Touba and the Meaning of Night
- First edition (Persian)
- Author: Shahrnush Parsipur
- Original title: طوبی و معنای شب
- Translator: Kamran Talattof Havva Houshmand
- Language: Persian
- Set in: Iran
- Publisher: Intishārāt-i Ispark (Iran), Feminist Press (US)
- Publication date: 1989
- Publication place: Iran
- Published in English: 2006
- Media type: Print
- Pages: 367 pp
- ISBN: 978-1-5586-1519-9
- OCLC: 62878277
- Dewey Decimal: 891.5533
- LC Class: PK6561.P247

= Touba and the Meaning of Night =

1989 novel by Shahrnush Parsipur

Touba and the Meaning of Night (طوبی و معنای شب) is a novel written by the Iranian novelist, Shahrnush Parsipur and originally published in Iran in 1989. Written after the author had spent four years and seven months in prison, it is Parsipur's second novel and is a fictional account of a woman, Touba, living through the rapidly changing political environment of 20th century Iran.

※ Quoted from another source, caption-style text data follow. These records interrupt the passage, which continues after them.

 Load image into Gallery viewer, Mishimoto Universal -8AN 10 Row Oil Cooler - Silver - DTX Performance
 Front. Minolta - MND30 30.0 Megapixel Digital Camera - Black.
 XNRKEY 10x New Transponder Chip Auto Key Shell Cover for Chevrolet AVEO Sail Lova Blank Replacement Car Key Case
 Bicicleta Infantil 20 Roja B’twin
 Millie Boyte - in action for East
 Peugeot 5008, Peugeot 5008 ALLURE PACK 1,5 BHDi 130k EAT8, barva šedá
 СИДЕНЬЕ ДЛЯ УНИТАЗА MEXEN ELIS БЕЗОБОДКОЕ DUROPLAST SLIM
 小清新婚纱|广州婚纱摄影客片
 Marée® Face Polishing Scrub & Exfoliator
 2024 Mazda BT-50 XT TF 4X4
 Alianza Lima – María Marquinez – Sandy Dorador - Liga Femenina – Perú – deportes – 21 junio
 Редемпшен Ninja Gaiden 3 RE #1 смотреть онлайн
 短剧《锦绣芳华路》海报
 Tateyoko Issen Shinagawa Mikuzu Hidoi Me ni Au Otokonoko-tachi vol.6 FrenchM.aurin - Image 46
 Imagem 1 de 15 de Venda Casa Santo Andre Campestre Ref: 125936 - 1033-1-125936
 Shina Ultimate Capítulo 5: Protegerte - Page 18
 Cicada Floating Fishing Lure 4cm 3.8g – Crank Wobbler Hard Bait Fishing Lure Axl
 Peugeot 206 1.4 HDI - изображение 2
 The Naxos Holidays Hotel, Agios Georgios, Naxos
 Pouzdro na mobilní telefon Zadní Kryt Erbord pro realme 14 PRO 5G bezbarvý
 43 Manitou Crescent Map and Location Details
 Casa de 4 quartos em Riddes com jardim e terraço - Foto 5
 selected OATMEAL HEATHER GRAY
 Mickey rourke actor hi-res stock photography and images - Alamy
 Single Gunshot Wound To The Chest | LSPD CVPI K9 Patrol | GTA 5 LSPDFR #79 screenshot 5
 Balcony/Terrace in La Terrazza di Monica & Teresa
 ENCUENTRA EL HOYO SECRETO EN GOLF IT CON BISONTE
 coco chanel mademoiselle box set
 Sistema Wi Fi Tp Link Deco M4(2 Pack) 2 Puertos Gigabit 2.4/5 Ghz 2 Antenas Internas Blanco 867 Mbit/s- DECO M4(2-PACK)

Like other works of Shahrnush Parsipur, Touba and the Meaning of Night is considered by most to be a feminist work. Also, like Parsipur's other work, Touba and the Meaning of Night remains banned in Iran.

==Plot summary==
Spanning eighty years, the novel follows the life of Touba, a young woman educated by her father in a time when few women received education. After her father passes away, Touba proposes to and marries a 52-year-old man. Initiated in desperation, the marriage causes Touba to fall into depression and eventually ends in a divorce. Touba later remarries a Prince of the Qajar dynasty. Though her second marriage starts happily, it also ends in divorce when the Prince takes a second wife. After the divorce, Touba is left to raise their daughter on the dwindling allowance afforded by her former husband's diminishing dynasty. To compensate, Touba weaves rugs.